Multi-award-winning author Susan Juby will be recognized by the City of Nanaimo during the Culture and Heritage Awards Ceremony April 13 at 7 p.m. at the Port Theatre.

Multi-award-winning author Susan Juby will be recognized by the City of Nanaimo during the Culture and Heritage Awards Ceremony April 13 at 7 p.m. at the Port Theatre.

Juby encourages others

NANAIMO - Susan Juby will receive the Excellence in Culture Award during Nanaimo's Culture and Heritage Awards April 13.

Award-winning author Susan Juby wrote her first book, Alice, I Think, in the mornings before she went to work.

She first started it on the bus and then went every morning to a coffee shop to write. She did everything by hand back then, but now she’s switched to using her laptop.

Making the initial step to start writing her book was big. From about the age of 13 to 27, she didn’t write, said Juby. She would listen to authors on the radio for inspiration.

“I really hung onto everything. Writers can encourage someone. It can make a big difference to someone’s career,” said Juby.

Now, Juby is an multi-award-winning author. She also helps encourage and guide young writers in their craft as a faculty member of Vancouver Island University’s creative writing and journalism program.

Writing is the first thing she does every morning. She sets herself daily goals. When she is writing those pages, she doesn’t try to edit. The editing process is for later.

“If I started to edit it too heavily, I would never progress past page one. I would just work on it till I died,” said Juby.

Juby said “every project gets into the weeds” sometimes. There have been occasions where she has had to throw out and re-write pages.

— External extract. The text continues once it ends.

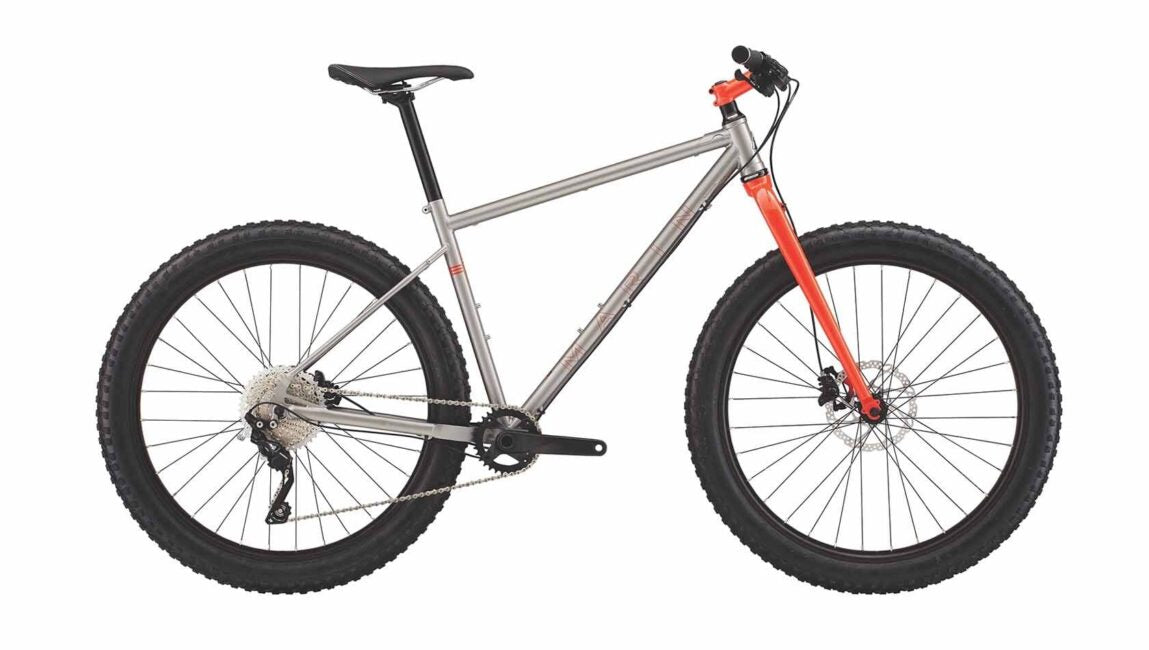An image of a Marin Bikes rigid mountain bike painted in silver with an orange fork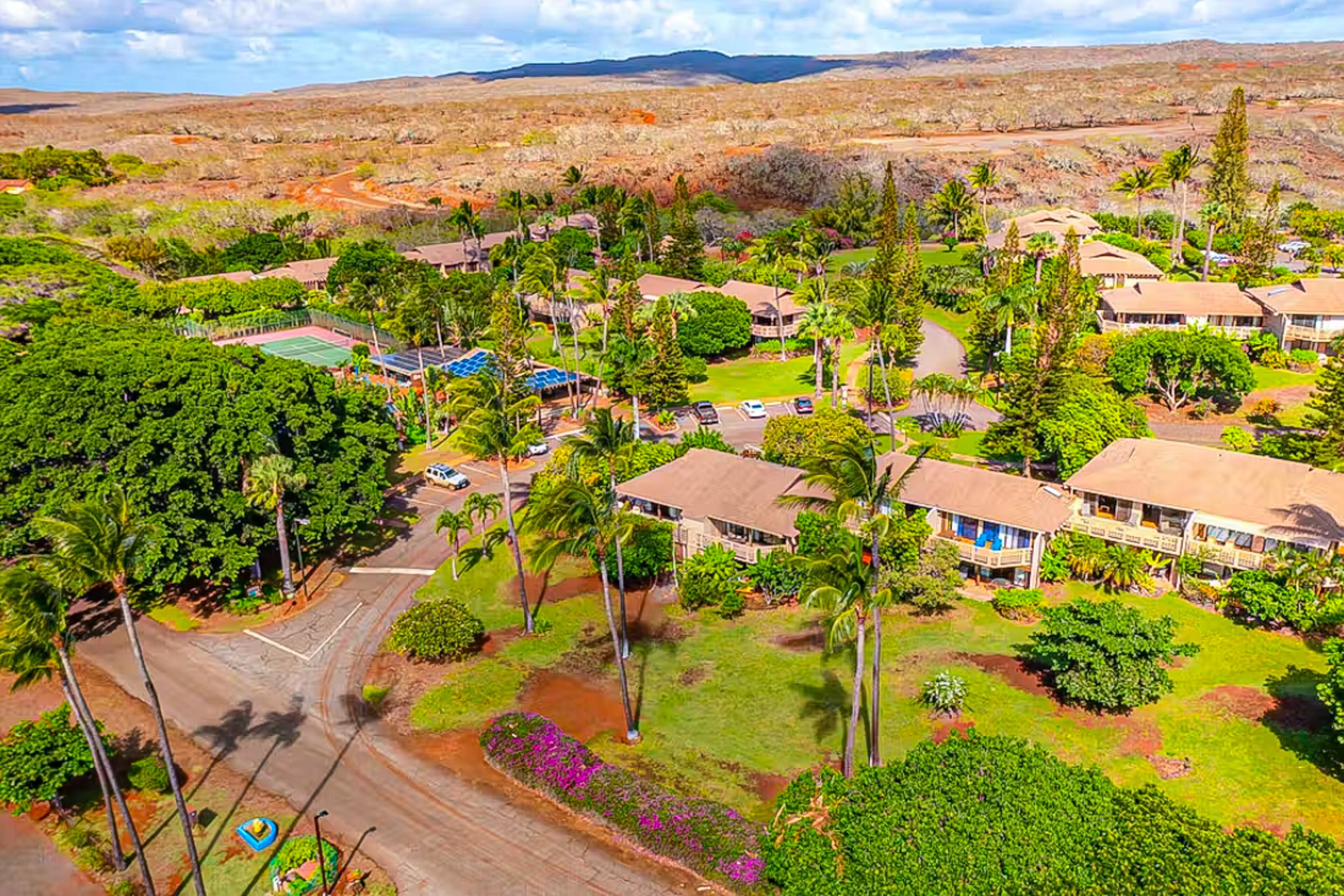 An aerial view of a resort with multiple bungalow-style buildings, a tennis court, and lush greenery.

“It’s not uncommon to throw out 200 pages of a book,” she said.

Juby said she is a start-to-finish writer. She knows her main character or a scene, but over the writing process, it will change.

“Some books are waiting in my subconscious. Some, I discover them as I write,” said Juby.

She will receive the Excellence in Culture Award during the City of Nanaimo’s Culture and Heritage Awards Ceremony on April 13 at 7 p.m. at the Port Theatre.

According to a city press release, Juby is being recognized for her “outstanding body of work and commitment to her craft” and for her “unflagging support and inspiration for the students of Vancouver Island University.”

Juby’s book The Truth Commission was recently shortlisted for the Sheila A. Egoff Children’s Literature Prize, awarded for the best non-illustrated children’s book, for the 32nd annual B.C. Book Prizes. Winners will be announced April 30 during the Lieutenant-Governor’s B.C. Book Prizes Gala in Victoria.